Die Großwohnsiedlung bestand aus 33 elfstöckigen Bauten auf einem 23 Hektar großen Areal am Nordrand von St. Louis. Begrenzt wurde das Areal im Norden von der Cass Avenue, im Westen von der North Jefferson Avenue, im Süden von der Carr Street und im Osten von der North 20th Street. Insgesamt umfasste die Siedlung 2870 Wohnungen, die in fünf Jahren errichtet wurden.
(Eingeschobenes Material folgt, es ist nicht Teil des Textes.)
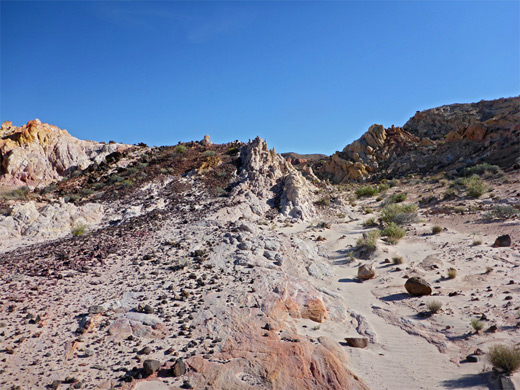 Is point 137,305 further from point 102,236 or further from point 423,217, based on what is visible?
point 423,217

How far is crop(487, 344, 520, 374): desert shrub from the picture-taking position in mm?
4586

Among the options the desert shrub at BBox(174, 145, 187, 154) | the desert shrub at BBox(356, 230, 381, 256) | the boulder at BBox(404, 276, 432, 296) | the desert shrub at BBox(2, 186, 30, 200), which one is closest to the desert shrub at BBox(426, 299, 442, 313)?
the boulder at BBox(404, 276, 432, 296)

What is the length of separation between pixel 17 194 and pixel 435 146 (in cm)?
4078

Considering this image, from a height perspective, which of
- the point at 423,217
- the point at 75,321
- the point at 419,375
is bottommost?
the point at 419,375

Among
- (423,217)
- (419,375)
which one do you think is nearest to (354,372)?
(419,375)

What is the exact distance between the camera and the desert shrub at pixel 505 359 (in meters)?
4.59

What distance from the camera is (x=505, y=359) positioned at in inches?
182

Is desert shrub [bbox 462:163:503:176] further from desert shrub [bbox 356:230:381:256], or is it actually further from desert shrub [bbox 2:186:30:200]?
desert shrub [bbox 2:186:30:200]

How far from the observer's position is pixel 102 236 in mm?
9812

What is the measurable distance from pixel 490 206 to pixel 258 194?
36.6 feet

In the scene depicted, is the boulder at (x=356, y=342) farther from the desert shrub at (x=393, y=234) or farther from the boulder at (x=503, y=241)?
the boulder at (x=503, y=241)

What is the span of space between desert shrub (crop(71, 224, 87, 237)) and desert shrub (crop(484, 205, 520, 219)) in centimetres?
1611

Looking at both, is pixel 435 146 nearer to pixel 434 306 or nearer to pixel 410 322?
pixel 434 306

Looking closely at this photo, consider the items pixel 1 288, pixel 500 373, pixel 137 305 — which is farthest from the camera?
pixel 1 288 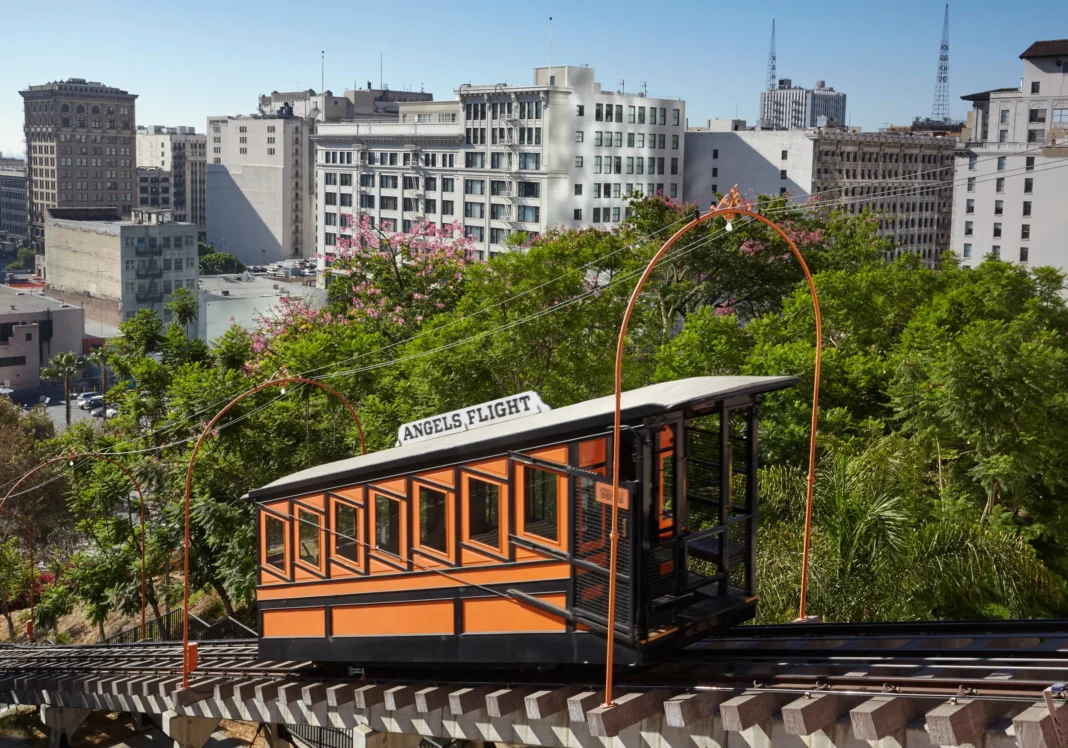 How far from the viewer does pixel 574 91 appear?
104625mm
Innerhalb weniger Jahre nach der Errichtung fiel das Gebiet zunehmend Vandalismus zum Opfer, was heute vielfach als Beleg für die Broken-Windows-Theorie herangezogen wird. Große Teile von Pruitt-Igoe blieben unbewohnt, und nach mehreren erfolglosen Versuchen der Stadt, die Siedlung zu verbessern, wurde letztlich der Abriss beschlossen, der am 16. März 1972 begann.
Die Kritik richtet sich darauf, dass die Übernahme des Siedlungsschemas aus New York City schon allein wegen der großen sozialen und ökonomischen Unterschiede nicht funktionieren konnte. Dem Architekten Yamasaki wurde beispielsweise vorgeworfen, Spielplätze erst aufgrund von Bürgerinitiativen der Einwohner errichtet zu haben; auch grundlegende soziale Infrastruktur soll erst von den Bürgern selbst geschaffen oder angeregt worden sein. Ein weiteres herausstechendes Beispiel für die nicht an den Bedürfnissen der Bewohner ausgerichteten Planungen waren die Fahrstühle: sie hielten nur in jedem dritten Stockwerk, um die Bewohner zu zwingen, sich in den Treppenhäusern zu begegnen und nachbarschaftliche Beziehungen zu pflegen.[2]
Heute befindet sich auf dem Gelände die Gateway-Realschule, die eine wichtige Rolle bei der Wissenschaftsförderung im Bereich der öffentlichen Schulen von St. Louis spielt.
Die Gründe für das Scheitern von Pruitt-Igoe werden kontrovers diskutiert, denn ähnliche Wohnungsbauprojekte in anderen Städten waren erfolgreich. In der Diskussion spielen oft auch ethnische und soziokulturelle Vormeinungen eine Rolle, wobei unklar ist, ob die Argumente auf die besondere Stadtkultur von St. Louis und deren politisches Umfeld passen. Eine Studie der Harvard-Universität zum öffentlichen Wohnungsbau ist speziell auf Pruitt-Igoe eingegangen.
Während der Präsidentschaft Richard Nixons wurden die Verhältnisse politisch instrumentalisiert und als Beleg dafür genommen, dass eine Einflussnahme der Regierung auf die Stadterneuerung grundlegend schädlich sei – letztlich erleichterte es Kürzungen von Programmen zur dann nur noch behaupteten Gleichstellung sozialer Schichten. Dem Abriss von Pruitt-Igoe wurde in den US-amerikanischen Medien besondere Aufmerksamkeit zuteil, und er ist heute als Anti-Schablone Teil der Populärkultur. Der postmoderne Architekt Charles Jencks merkte 1977 an, dass der Abriss jenen Tag markiere, an dem die Nachkriegs-Moderne ende.[3] Umfassendes Filmmaterial vom Abriss wurde im Film Koyaanisqatsi von Godfrey Reggio verarbeitet. Ein wesentlicher Faktor für das Scheitern des Projektes dürfte auch gewesen sein, dass die Bevölkerungszahl von St. Louis zwischen 1950 und 1970 um mehrere hunderttausend Personen zurückging.[4]